* _Task item_:
Give back an exact copy of the listing that follows, without the pictures.

[[ Information supplied, beginning ]]

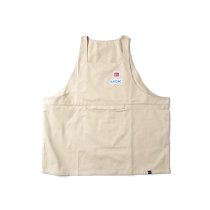 DG THE DRY GOODS / DG COTTON VEST ワークエプロンベスト ベージュ<img class='new_mark_img2' src='https://img.shop-pro.jp/img/new/icons47.gif' style='border:none;display:inline;margin:0px;padding:0px;width:auto;' />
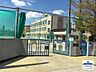 周辺：名古屋市立北山中学校 650m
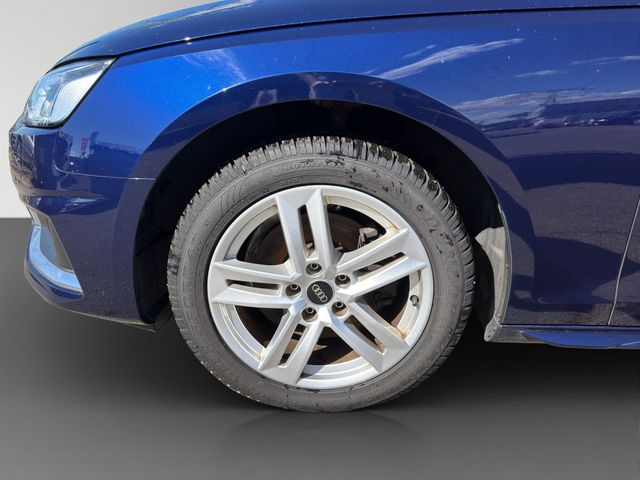 A4 Avant 35 TFSI advanced S-tronic Elekt. Heckkl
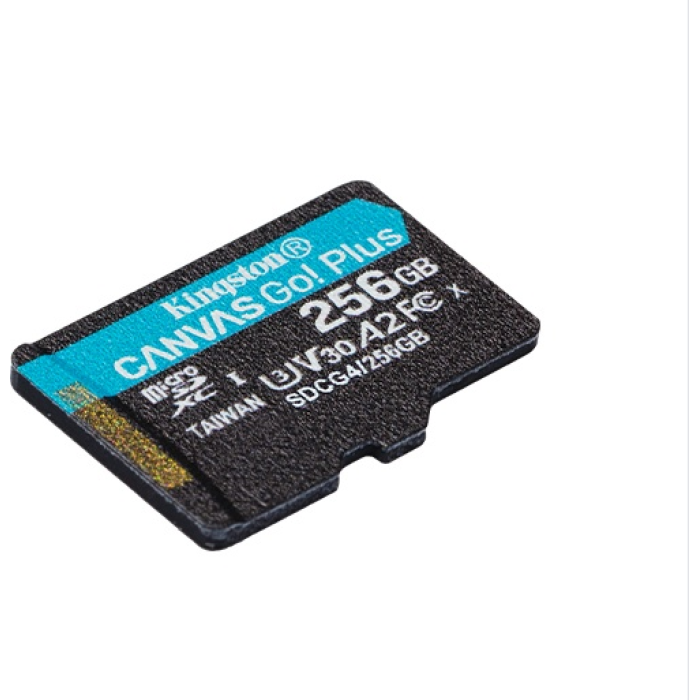 Kingston microSDXC SDCG4/256GBSP 256 Гб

[[ Information supplied, end ]]

* _Reply_:
 DG THE DRY GOODS / DG COTTON VEST ワークエプロンベスト ベージュ<img class='new_mark_img2' src='https://img.shop-pro.jp/img/new/icons47.gif' style='border:none;display:inline;margin:0px;padding:0px;width:auto;' />
 周辺：名古屋市立北山中学校 650m
 A4 Avant 35 TFSI advanced S-tronic Elekt. Heckkl
 Kingston microSDXC SDCG4/256GBSP 256 Гб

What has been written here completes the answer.